Temel haklarda kriter Avrupa İnsan Hakları Sözleşmesi
AKP'nin taslağında, mevcut Anayasa'da temel hak ve hürriyetlerle, din ve vicdan özgürlüğünün sınırını çizen 14. maddenin yerine yapılacak olan düzenleme de belli oldu.
14. Maddenin 1. fıkrasında yer alan "Anayasada yer alan hak ve hürriyetlerden hiçbiri, devletin ülkesi ve milletiyle bölünmez bütünlüğünü bozmayı ve insan haklarına dayanan demokratik ve lâik Cumhuriyeti ortadan kaldırmayı amaçlayan faaliyetler biçiminde kullanılamaz" ifadesi, taslaktaki son öneriye göre Avrupa İnsan Hakları Sözleşmesi'nin (AİHS) 17. maddesinde yer alan "Bu anayasada yer alan hak ve hürriyetlerden hiçbiri, bu hürriyetleri yoketmek ve anayasada tanınandan daha azını tanımak amacıyla kullanılamaz" hükmü ile değiştirilecek.

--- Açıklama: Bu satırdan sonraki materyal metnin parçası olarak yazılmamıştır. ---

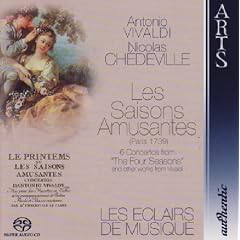 Chedeville: Les Saisons Amusantes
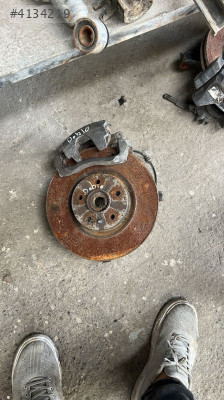 Fiat doblo sol ön disk ve fren merkezi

Edinilen bilgiye göre üzerinde hala çalışılan taslakta, bu çerçeve konusunda birden çok öneri yer alıyar. İlk öneride taslaktaki düzenlemenin aynen kalması görüşü benimsendi. Diğer öneride bu düzenlemenin madde metninden çıkarılması isteniyor. Son öneride ise çıkarılacak fıkradan sonra temel hak ve özgürlüklerin kötüye kullanılmasını önlemek konusunda bölünmez bütünlüğün ve laikliğin korunması yerine Türkiye'nin taraf olduğu Avrupa İnsan Hakları Sözleşmesi'nin (AİHS) 17. maddesinin ölçü alınması istendi.
Özbudun: Klasik tanım bu
Taslağın mimarlarınan Prof. Özbudun, 14. maddede bu değişikliğe gidilme gerekçesini "AİHS'nin 17. maddesine paralel bir düzenleme önerdik. Buradaki ölçü çok klasik bir tanımdır. AİHS'de aynen bu ölçü vardır" diye açıkladı.